3つ目は、日本の演出でよいものがあれば、インドネシアに合うか合わないかテストしながら導入しようということです。そして4つ目に、デコレーションも、日本とインドネシアでコラボできるようなものがあればいいんじゃないかなと、いろいろと計画しています。

いろんな夢がありまして、やりたいことがたくさんあります。具体的にいえないのが非常に残念なのですが、新規出店もいろいろ考えています。

また、(事業の)多角化として、当社には約150名のシェフ・調理長・パティシエがおり、彼らの中には非常に優秀な技術力がある人間がいますので、彼らを活かしながら、新しい事業に進出しようとも考えています。

食のビジネスですので、非常にハードルが高いと思いますが、やはり安全・安心でおいしいもの、きちんとしたものを提供できる工場をやれればなと思っています。

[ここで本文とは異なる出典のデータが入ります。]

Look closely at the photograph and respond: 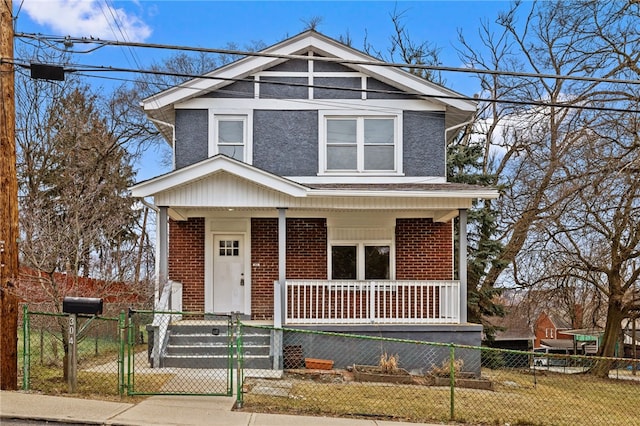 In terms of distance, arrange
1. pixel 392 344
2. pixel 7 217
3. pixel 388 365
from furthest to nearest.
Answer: pixel 392 344, pixel 388 365, pixel 7 217

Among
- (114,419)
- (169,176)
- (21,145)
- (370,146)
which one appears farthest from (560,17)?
(21,145)

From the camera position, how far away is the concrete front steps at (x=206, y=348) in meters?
11.7

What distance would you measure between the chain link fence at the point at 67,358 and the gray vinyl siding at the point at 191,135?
4.42 meters

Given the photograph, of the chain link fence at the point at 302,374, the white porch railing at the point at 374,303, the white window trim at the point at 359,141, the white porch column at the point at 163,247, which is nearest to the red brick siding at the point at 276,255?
the white porch railing at the point at 374,303

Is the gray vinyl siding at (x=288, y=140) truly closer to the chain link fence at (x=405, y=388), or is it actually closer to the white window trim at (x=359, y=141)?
the white window trim at (x=359, y=141)

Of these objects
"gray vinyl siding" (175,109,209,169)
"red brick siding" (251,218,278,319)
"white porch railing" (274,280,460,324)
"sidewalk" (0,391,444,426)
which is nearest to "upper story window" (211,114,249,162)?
"gray vinyl siding" (175,109,209,169)

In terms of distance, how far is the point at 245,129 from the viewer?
1484 centimetres

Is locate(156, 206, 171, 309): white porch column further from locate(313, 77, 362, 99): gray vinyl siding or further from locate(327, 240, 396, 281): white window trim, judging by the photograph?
locate(313, 77, 362, 99): gray vinyl siding

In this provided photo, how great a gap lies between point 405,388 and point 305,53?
862cm

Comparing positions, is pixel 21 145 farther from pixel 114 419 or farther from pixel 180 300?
pixel 114 419

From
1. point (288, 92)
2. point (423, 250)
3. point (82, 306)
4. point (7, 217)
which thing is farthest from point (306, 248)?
point (7, 217)

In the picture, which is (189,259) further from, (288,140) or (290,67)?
(290,67)

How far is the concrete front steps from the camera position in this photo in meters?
11.7

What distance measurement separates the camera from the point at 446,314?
13.1 metres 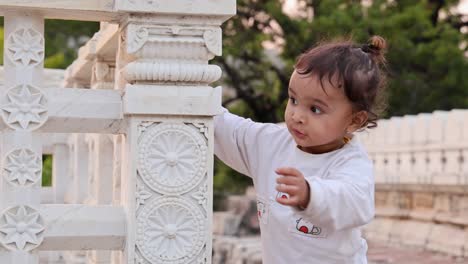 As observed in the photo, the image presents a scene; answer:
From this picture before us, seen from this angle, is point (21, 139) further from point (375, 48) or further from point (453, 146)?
point (453, 146)

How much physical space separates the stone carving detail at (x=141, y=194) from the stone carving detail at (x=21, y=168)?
0.89 feet

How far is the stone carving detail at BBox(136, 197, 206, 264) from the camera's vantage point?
2.50m

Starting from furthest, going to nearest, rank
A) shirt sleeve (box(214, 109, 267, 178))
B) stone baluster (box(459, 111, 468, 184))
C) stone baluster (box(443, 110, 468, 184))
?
stone baluster (box(443, 110, 468, 184)), stone baluster (box(459, 111, 468, 184)), shirt sleeve (box(214, 109, 267, 178))

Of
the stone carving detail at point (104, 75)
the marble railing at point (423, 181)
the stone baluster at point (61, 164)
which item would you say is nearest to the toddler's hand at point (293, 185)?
the stone carving detail at point (104, 75)

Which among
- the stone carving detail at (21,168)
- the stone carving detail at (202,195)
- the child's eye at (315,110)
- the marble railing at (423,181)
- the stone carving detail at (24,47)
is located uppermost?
the stone carving detail at (24,47)

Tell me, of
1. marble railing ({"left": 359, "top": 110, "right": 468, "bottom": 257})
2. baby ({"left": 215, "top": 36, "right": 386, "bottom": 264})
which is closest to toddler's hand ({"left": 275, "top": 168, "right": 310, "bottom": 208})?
baby ({"left": 215, "top": 36, "right": 386, "bottom": 264})

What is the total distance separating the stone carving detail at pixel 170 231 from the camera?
2502 mm

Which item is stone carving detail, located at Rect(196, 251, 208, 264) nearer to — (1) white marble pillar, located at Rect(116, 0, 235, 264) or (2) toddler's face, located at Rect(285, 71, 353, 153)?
(1) white marble pillar, located at Rect(116, 0, 235, 264)

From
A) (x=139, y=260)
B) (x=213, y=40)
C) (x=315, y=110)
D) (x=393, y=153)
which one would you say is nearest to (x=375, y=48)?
(x=315, y=110)

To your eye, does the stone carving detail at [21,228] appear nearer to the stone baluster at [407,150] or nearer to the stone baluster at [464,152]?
the stone baluster at [464,152]

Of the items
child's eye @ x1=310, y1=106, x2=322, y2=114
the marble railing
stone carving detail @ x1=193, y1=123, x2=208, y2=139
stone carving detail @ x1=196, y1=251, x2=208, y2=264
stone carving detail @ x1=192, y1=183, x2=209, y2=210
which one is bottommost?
the marble railing

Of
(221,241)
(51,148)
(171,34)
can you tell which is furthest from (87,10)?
(221,241)

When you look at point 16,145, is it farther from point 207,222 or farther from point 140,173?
point 207,222

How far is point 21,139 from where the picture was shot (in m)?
2.49
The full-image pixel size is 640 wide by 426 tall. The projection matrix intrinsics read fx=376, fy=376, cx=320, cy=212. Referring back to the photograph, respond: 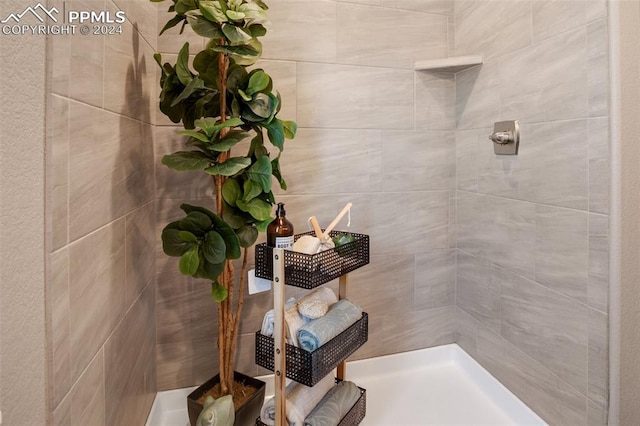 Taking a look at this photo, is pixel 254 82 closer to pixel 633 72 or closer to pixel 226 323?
pixel 226 323

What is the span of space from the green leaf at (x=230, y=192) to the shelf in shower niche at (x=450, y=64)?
104cm

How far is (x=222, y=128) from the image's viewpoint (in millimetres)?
961

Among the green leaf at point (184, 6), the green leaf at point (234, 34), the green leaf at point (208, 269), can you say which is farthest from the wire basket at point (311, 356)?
the green leaf at point (184, 6)

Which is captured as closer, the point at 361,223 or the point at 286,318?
the point at 286,318

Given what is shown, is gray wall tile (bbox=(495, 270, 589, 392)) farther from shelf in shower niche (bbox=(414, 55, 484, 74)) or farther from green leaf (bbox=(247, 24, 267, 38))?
green leaf (bbox=(247, 24, 267, 38))

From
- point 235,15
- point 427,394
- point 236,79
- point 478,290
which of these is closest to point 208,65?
point 236,79

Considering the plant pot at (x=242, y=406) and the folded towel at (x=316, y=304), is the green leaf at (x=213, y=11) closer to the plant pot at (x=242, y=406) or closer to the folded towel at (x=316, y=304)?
the folded towel at (x=316, y=304)

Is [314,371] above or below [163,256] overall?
below

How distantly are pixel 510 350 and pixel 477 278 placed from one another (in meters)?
0.31

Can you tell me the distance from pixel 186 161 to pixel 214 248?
237 millimetres

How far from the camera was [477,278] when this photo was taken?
1.61m

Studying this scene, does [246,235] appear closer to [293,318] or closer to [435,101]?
[293,318]

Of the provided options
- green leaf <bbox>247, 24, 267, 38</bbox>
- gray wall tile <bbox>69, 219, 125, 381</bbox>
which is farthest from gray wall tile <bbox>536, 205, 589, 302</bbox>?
gray wall tile <bbox>69, 219, 125, 381</bbox>

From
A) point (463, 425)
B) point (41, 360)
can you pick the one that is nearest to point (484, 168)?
point (463, 425) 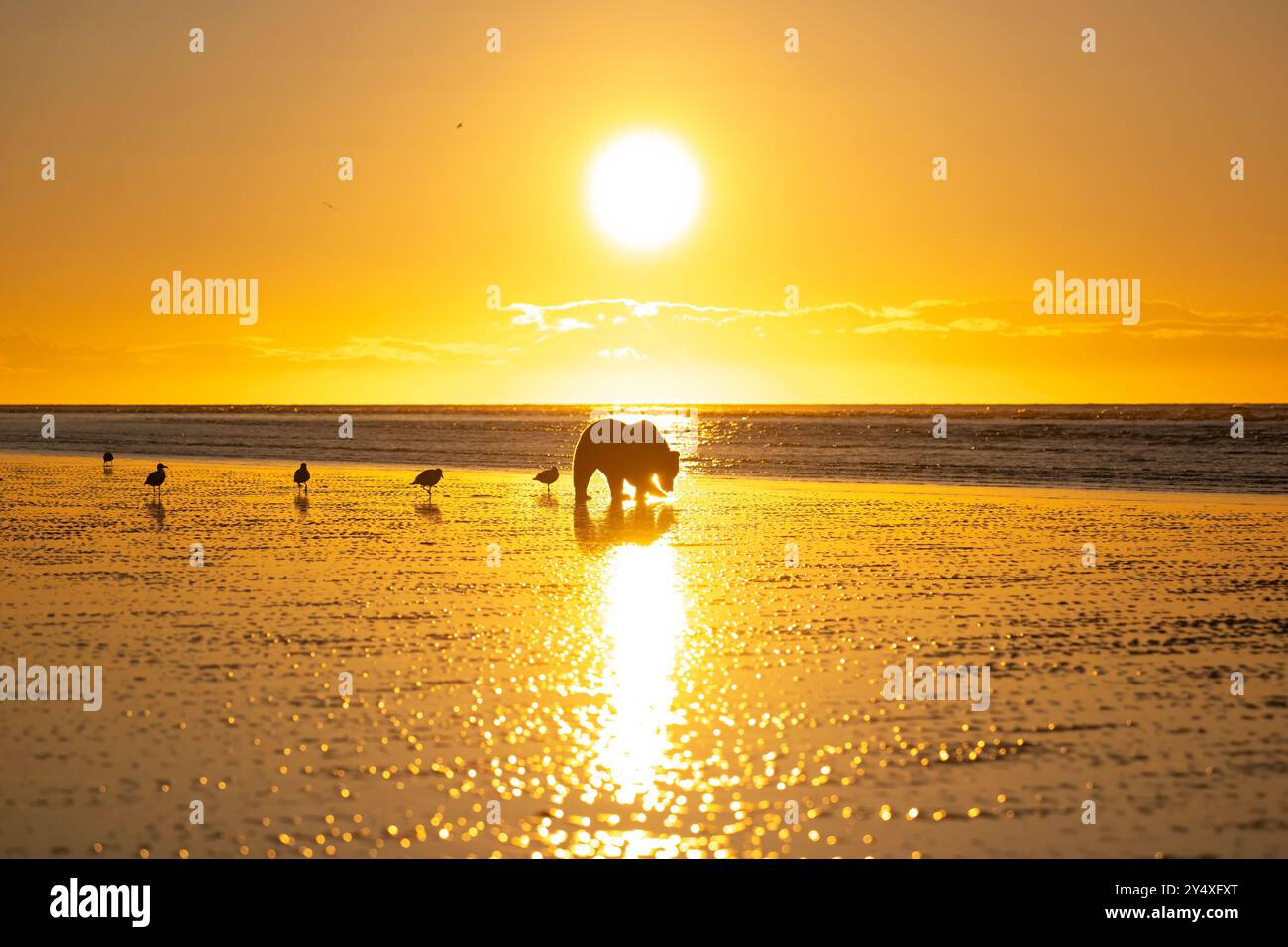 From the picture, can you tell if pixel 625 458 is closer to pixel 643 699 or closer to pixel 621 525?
pixel 621 525

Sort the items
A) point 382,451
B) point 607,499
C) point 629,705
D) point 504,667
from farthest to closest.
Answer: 1. point 382,451
2. point 607,499
3. point 504,667
4. point 629,705

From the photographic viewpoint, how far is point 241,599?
13070mm

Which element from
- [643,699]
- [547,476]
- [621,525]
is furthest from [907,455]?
[643,699]

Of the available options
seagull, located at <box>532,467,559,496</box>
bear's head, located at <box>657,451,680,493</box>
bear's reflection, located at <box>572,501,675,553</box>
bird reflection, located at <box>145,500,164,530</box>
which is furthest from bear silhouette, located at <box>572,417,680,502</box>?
bird reflection, located at <box>145,500,164,530</box>

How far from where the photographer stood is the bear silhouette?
90.2 feet

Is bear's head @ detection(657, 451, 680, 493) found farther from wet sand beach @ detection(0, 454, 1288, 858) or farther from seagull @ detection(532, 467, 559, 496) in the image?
wet sand beach @ detection(0, 454, 1288, 858)

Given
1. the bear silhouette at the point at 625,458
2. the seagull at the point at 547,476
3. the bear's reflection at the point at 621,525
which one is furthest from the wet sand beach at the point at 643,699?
the seagull at the point at 547,476

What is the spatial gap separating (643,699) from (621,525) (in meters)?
13.1

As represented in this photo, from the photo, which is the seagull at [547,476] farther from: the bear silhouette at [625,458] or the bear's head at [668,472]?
the bear's head at [668,472]

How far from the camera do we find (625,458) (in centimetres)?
2748
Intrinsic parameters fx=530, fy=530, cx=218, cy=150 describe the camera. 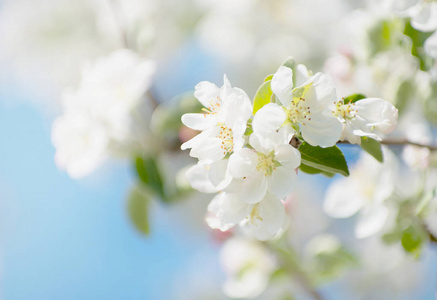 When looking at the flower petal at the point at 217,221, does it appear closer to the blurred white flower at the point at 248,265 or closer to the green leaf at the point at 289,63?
the green leaf at the point at 289,63

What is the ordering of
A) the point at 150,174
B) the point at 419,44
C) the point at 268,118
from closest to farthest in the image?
the point at 268,118 → the point at 419,44 → the point at 150,174

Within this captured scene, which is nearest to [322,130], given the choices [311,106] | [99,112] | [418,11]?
[311,106]

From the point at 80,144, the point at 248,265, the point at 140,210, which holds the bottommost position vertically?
the point at 248,265

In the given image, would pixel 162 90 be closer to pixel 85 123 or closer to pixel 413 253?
pixel 85 123

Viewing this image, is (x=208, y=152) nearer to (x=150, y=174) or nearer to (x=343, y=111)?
(x=343, y=111)

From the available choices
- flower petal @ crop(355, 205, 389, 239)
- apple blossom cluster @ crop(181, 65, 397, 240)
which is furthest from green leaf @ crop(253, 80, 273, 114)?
flower petal @ crop(355, 205, 389, 239)

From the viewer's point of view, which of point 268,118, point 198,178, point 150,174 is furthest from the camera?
point 150,174

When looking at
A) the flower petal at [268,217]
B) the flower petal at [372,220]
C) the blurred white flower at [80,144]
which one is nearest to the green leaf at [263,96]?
the flower petal at [268,217]

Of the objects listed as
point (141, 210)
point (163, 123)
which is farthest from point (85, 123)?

海外についても、現在は海外ウェディングを展開していますが、別の海外ビジネスを計画しています。これについては、来年(2020年)の春頃には発表できるのではないかと思っております。

計画して、出店して、そして実がなるまで、2年あるいは3年かかるかもしれませんが、我々は次の展開として、夢のある事業を展開していきたいと考えています。今年も来年も堅調に進めながら、2年先・3年先は大いなる飛躍をしていきたいという思いを持っています。

以上、簡単で駆け足ですが、説明を終わらせていただきます。ご清聴、誠にありがとうございました。